Tiger Woods has confirmed he will not play in next week’s US Open at Brookline.
The 46-year-old had to withdraw from the US PGA Championship in May after three rounds and does not feel ready for the next major of the year.
“I previously informed the USGA that I will not be competing in the US Open as my body needs more time to get stronger for major championship golf,” Woods said on Twitter.
I previously informed the USGA that I will not be competing in the @usopengolf as my body needs more time to get stronger for major championship golf. I do hope and plan to be ready to play in Ireland at @JPProAm and at @TheOpen next month. I’m excited to get back out there soon!Advertisement
— Tiger Woods (@TigerWoods) June 7, 2022
“I do hope and plan to be ready to play in Ireland at JP McManus Pro-AM and at The Open next month. I’m excited to get back out there soon!”
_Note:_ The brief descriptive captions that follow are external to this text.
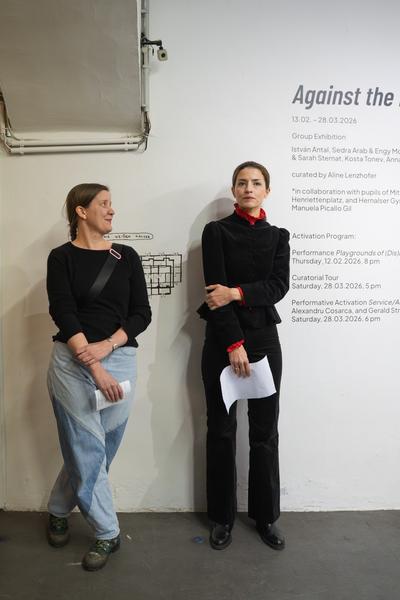 Against the Playbook (das weisse haus, 12.02.2026) Foto: eSeL.at - Sarah Tasha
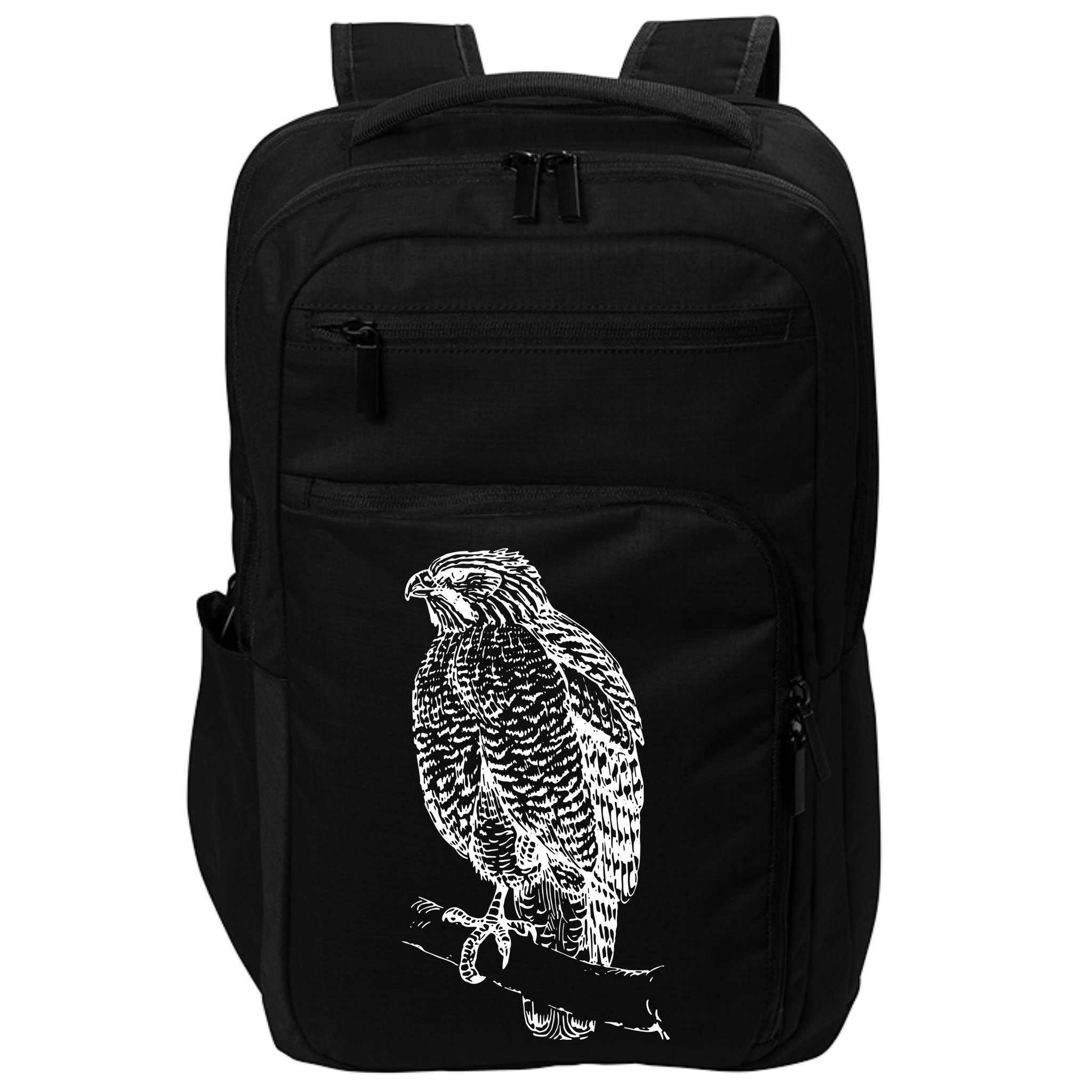 Hawk Bird Cool Novelty Impact Tech Backpack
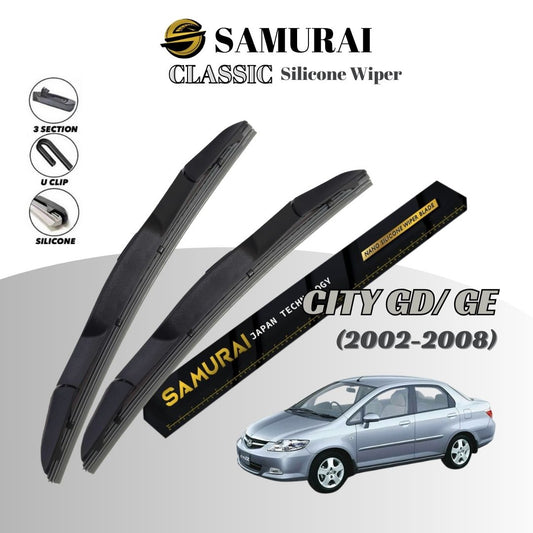 SAMURAI CLASSIC [Honda City GD/GE 2002-2008] Car Wiper Blade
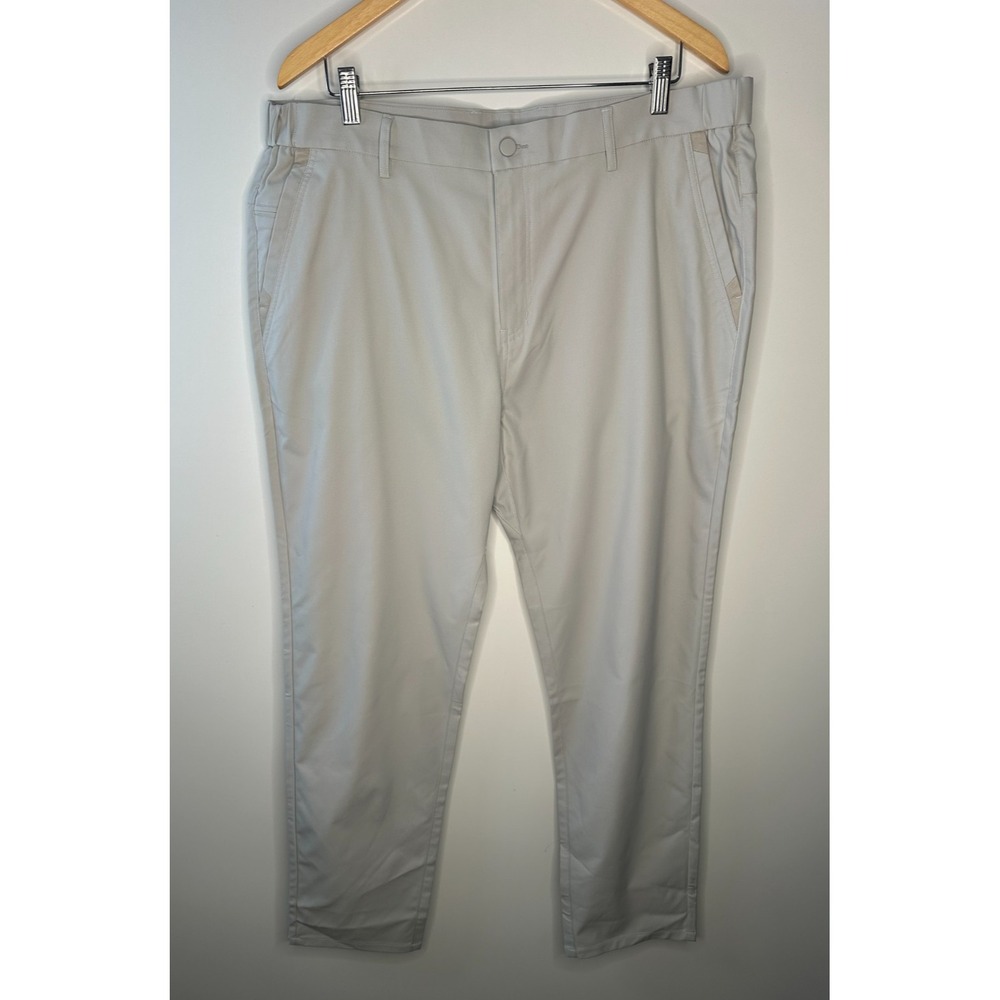 Jack Archer Jetsetter Tech Pants 36 x 32 Gray Light Travel Performance Stretch - Picture 2 of 10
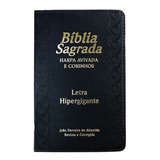 Biblia Letra Hiper Gigante Capa Luxo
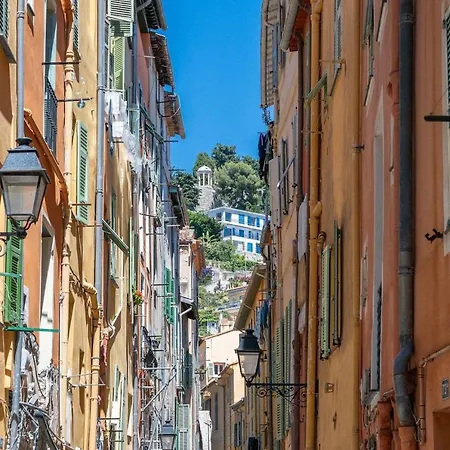 別荘 Le Santorin Vue Exceptionnelle Vieille マントン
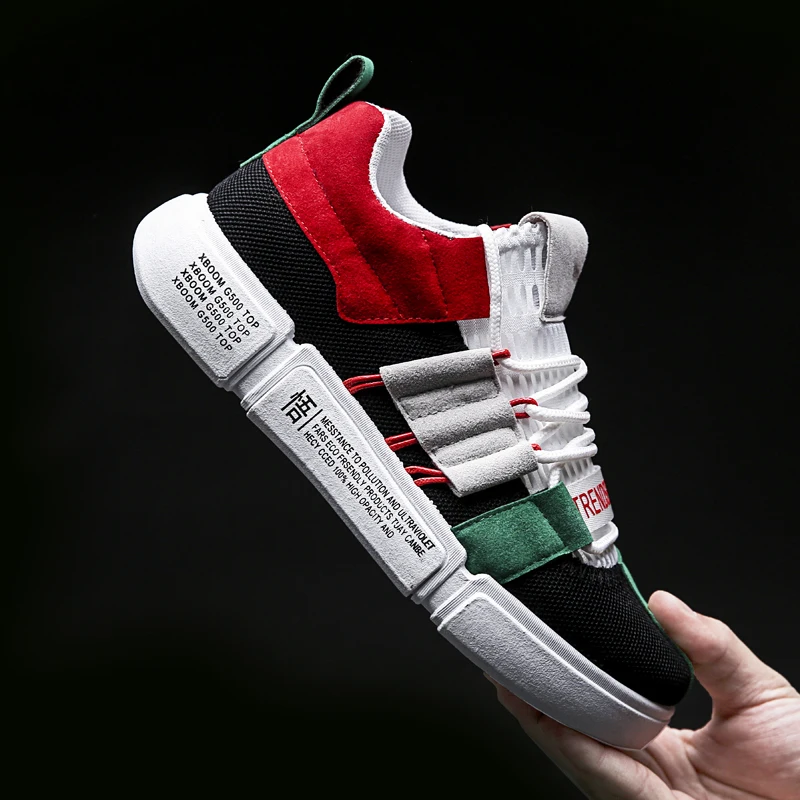 

Bjakin 2019 Hot Sports Running Shoes Men Outdoors Comfortable Sneakers Colorful Patchwork Trainers Athletic Shoes Light Footwear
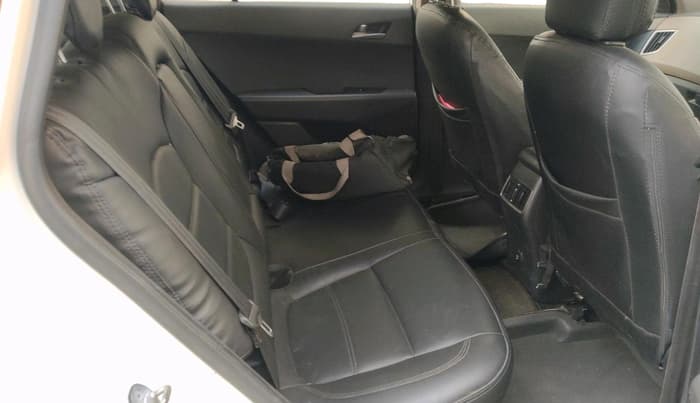 2017 Hyundai Creta SX PLUS 1.6 PETROL, Petrol, Manual, 69,975 km, interior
The news comes as no surprise given how Woods struggled at Southern Hills last month, the 15-time major winner clearly struggling with the pain in his right leg following the severe injuries he sustained in a car accident in Los Angeles in February last year.
Woods fought back from an opening 74 to shoot a second round of 69 in Tulsa and make the cut with a shot to spare, but then laboured to a 79 on Saturday, his worst score ever in the US PGA.
Speaking after his remarkable return to top-flight action in the Masters in April, Woods had made it clear how keen he was to compete in the 150th Open Championship over the Old Course at St Andrews, scene of two of his three Open victories.
“I am looking forward to St Andrews,” he said in April. “That is something that is near and dear to my heart.
“I’ve won two Opens there, it’s the home of golf, it’s my favourite golf course in the world. I will be there for that one.”
In his pre-tournament press conference at Southern Hills, Woods likened playing in the Masters to climbing Everest and said “it’s only going to get flatter and better”.
However, when asked how close he is now to the peak level of fitness he will be able to achieve, Woods added: “That’s a great question. I don’t know.
“There’s a lot of hardware in there (the right leg) and there’s going to be limitations to what I’m going to be able to do, but I’m going to get stronger. I don’t know (by) how much that is or how much range of motion I’ll ever get back.”
Speaking after his first round of 74, Woods was asked how the injury affects his swing.
“Loading hurts, pressing off it hurts, and walking hurts, and twisting hurts,” he said. “It’s just golf. If I don’t do that, then I’m all right.”